Atlan syncs the user's first name, last name, username, email address, group information, and user status through group mapping. The username and email address are synced only once, when the user is provisioned in Atlan for the first time.


What happens if an SSO or Atlan group is renamed

If SCIM provisioning is enabled and an SSO group that is mapped to Atlan is renamed, the change syncs automatically. Renaming an Atlan group does not affect SCIM functionality.


What happens if an SSO group is deleted

If an SSO group is deleted in your identity provider, the group mapping is also deleted in Atlan. The corresponding Atlan group remains active, but all users are removed from it.

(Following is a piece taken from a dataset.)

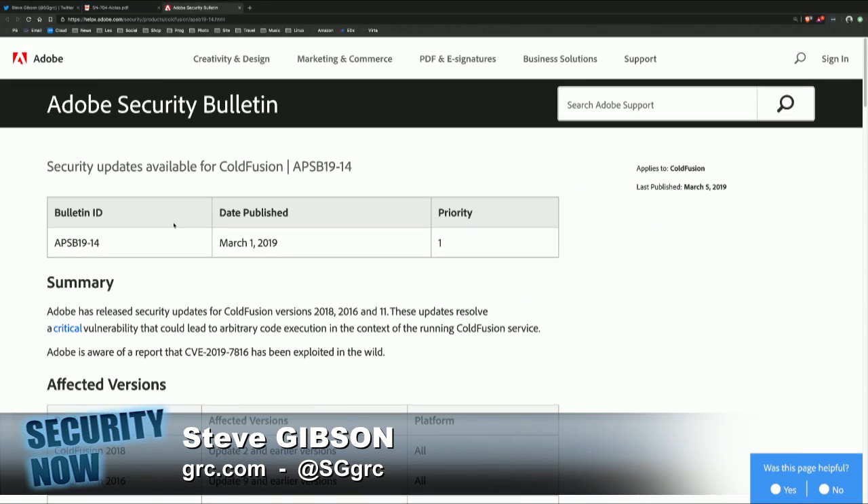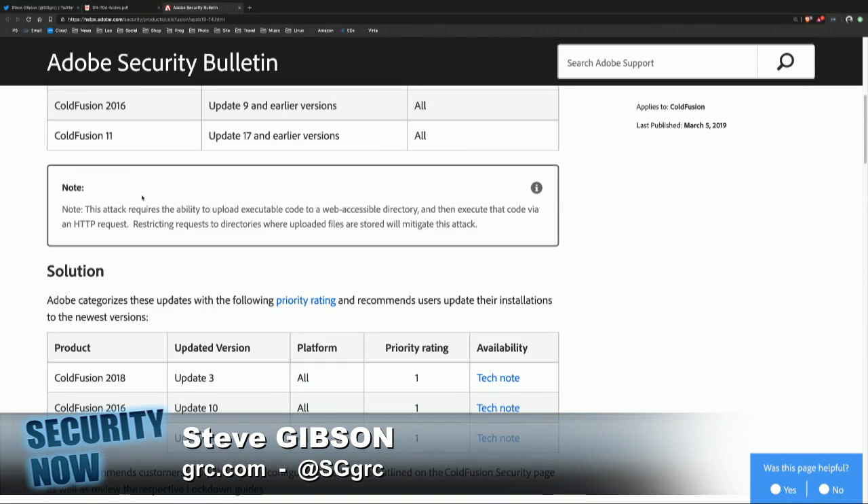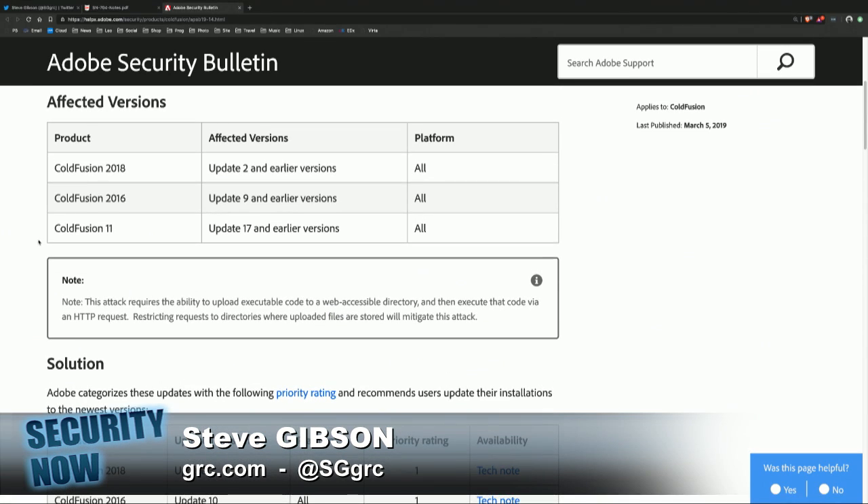That's a problem right there. You could imagine allowing executable uploads for some reason where they would be sequestered and could not be executed. But the flaw allows an HTTP request to execute that uploaded file — whoopsie. Really not good. All previous ColdFusion versions on all platforms are vulnerable to this flaw.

To retain group membership in Atlan, delete the group mapping in Atlan first, then delete the SSO group in your identity provider.


What happens if a user is deleted from the SSO provider

If a user is removed from your SSO provider, the same user is deactivated in Atlan and their status is shown as Disabled. To permanently delete the user from Atlan, you can remove the user and transfer ownership of assets.


Deactivated identity provider users stay active in Atlan

If you deactivate or disable a user in your identity provider but they remain Enabled in Atlan, your SCIM application is most likely not sending the externalId attribute (the identity provider's stable object ID, such as the Azure AD Object ID). Atlan matches incoming SCIM updates to existing users by externalId, so without it, a deactivation cannot be applied to the right user.

To fix this, open your identity provider's SCIM (provisioning) application and confirm it maps and sends externalId to Atlan. In Microsoft Entra ID (Azure AD), check the SCIM attribute mappings on the enterprise application used for provisioning and ensure the Object ID is mapped to externalId. After correcting the mapping, the next provisioning cycle reconciles user status.


When does the SCIM token expire

The SCIM token does not expire by default and can only be revoked by deleting it.


Can user removal affect SCIM tokens

Yes, removing a user also deletes any SCIM tokens that user created. For more guidance, see the User management FAQ.


Does SCIM provisioning require a user to log in first

No, SCIM provisioning works as soon as a user has been provisioned from the SSO provider. The user profile can be updated or the user disabled in Atlan directly from the SSO provider, even before the user has logged in.

If SCIM is enabled and a user has never logged into Atlan, their status is Enabled by default. Once the user logs in, their last login activity appears in the Last Active column.


Assigning SCIM provisioned users as asset owners before first login

Yes, you can assign asset ownership to SCIM provisioned users before they have logged into Atlan for the first time.